- SOURCE DATA:
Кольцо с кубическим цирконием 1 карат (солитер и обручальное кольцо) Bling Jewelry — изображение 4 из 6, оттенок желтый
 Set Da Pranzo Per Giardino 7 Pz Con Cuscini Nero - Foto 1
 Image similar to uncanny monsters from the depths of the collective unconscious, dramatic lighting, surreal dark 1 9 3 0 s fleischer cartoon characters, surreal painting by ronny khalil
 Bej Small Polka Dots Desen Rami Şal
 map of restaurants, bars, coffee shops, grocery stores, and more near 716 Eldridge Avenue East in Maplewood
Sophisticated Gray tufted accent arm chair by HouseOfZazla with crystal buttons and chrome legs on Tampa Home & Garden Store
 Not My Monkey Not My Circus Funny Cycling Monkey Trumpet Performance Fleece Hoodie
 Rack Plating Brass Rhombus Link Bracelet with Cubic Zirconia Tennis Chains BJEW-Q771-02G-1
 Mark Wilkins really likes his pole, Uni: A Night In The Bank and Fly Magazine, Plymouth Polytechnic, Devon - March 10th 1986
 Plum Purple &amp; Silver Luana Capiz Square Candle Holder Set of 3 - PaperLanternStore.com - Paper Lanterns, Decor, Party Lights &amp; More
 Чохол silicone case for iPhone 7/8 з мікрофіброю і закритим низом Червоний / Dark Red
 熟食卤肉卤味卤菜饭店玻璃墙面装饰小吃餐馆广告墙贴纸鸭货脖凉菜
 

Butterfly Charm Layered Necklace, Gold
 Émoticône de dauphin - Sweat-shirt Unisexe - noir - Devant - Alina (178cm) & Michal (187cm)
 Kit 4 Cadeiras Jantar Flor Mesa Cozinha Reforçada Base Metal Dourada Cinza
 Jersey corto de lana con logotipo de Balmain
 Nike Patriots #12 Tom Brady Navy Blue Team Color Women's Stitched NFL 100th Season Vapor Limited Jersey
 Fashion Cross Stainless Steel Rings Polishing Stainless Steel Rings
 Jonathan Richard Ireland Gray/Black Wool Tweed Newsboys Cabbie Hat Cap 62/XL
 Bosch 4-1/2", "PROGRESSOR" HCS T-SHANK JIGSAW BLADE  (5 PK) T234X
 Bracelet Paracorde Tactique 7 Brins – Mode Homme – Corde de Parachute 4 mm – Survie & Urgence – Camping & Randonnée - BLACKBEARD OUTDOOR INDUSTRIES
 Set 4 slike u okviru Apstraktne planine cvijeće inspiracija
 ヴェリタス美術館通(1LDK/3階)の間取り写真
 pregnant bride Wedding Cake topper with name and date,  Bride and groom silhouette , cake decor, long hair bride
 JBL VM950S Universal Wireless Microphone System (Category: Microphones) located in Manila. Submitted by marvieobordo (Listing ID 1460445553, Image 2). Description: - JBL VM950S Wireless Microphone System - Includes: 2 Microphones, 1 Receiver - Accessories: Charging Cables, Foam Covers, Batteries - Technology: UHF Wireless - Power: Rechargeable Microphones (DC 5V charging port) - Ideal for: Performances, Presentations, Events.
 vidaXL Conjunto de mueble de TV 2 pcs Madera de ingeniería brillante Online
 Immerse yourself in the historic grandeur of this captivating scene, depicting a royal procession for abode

- TASK DIRECTIONS:
Without altering a single word, repeat the material.

- PROBLEM SOLUTION:
Кольцо с кубическим цирконием 1 карат (солитер и обручальное кольцо) Bling Jewelry — изображение 4 из 6, оттенок желтый
 Set Da Pranzo Per Giardino 7 Pz Con Cuscini Nero - Foto 1
 Image similar to uncanny monsters from the depths of the collective unconscious, dramatic lighting, surreal dark 1 9 3 0 s fleischer cartoon characters, surreal painting by ronny khalil
 Bej Small Polka Dots Desen Rami Şal
 map of restaurants, bars, coffee shops, grocery stores, and more near 716 Eldridge Avenue East in Maplewood
Sophisticated Gray tufted accent arm chair by HouseOfZazla with crystal buttons and chrome legs on Tampa Home & Garden Store
 Not My Monkey Not My Circus Funny Cycling Monkey Trumpet Performance Fleece Hoodie
 Rack Plating Brass Rhombus Link Bracelet with Cubic Zirconia Tennis Chains BJEW-Q771-02G-1
 Mark Wilkins really likes his pole, Uni: A Night In The Bank and Fly Magazine, Plymouth Polytechnic, Devon - March 10th 1986
 Plum Purple &amp; Silver Luana Capiz Square Candle Holder Set of 3 - PaperLanternStore.com - Paper Lanterns, Decor, Party Lights &amp; More
 Чохол silicone case for iPhone 7/8 з мікрофіброю і закритим низом Червоний / Dark Red
 熟食卤肉卤味卤菜饭店玻璃墙面装饰小吃餐馆广告墙贴纸鸭货脖凉菜
 

Butterfly Charm Layered Necklace, Gold
 Émoticône de dauphin - Sweat-shirt Unisexe - noir - Devant - Alina (178cm) & Michal (187cm)
 Kit 4 Cadeiras Jantar Flor Mesa Cozinha Reforçada Base Metal Dourada Cinza
 Jersey corto de lana con logotipo de Balmain
 Nike Patriots #12 Tom Brady Navy Blue Team Color Women's Stitched NFL 100th Season Vapor Limited Jersey
 Fashion Cross Stainless Steel Rings Polishing Stainless Steel Rings
 Jonathan Richard Ireland Gray/Black Wool Tweed Newsboys Cabbie Hat Cap 62/XL
 Bosch 4-1/2", "PROGRESSOR" HCS T-SHANK JIGSAW BLADE  (5 PK) T234X
 Bracelet Paracorde Tactique 7 Brins – Mode Homme – Corde de Parachute 4 mm – Survie & Urgence – Camping & Randonnée - BLACKBEARD OUTDOOR INDUSTRIES
 Set 4 slike u okviru Apstraktne planine cvijeće inspiracija
 ヴェリタス美術館通(1LDK/3階)の間取り写真
 pregnant bride Wedding Cake topper with name and date,  Bride and groom silhouette , cake decor, long hair bride
 JBL VM950S Universal Wireless Microphone System (Category: Microphones) located in Manila. Submitted by marvieobordo (Listing ID 1460445553, Image 2). Description: - JBL VM950S Wireless Microphone System - Includes: 2 Microphones, 1 Receiver - Accessories: Charging Cables, Foam Covers, Batteries - Technology: UHF Wireless - Power: Rechargeable Microphones (DC 5V charging port) - Ideal for: Performances, Presentations, Events.
 vidaXL Conjunto de mueble de TV 2 pcs Madera de ingeniería brillante Online
 Immerse yourself in the historic grandeur of this captivating scene, depicting a royal procession for abode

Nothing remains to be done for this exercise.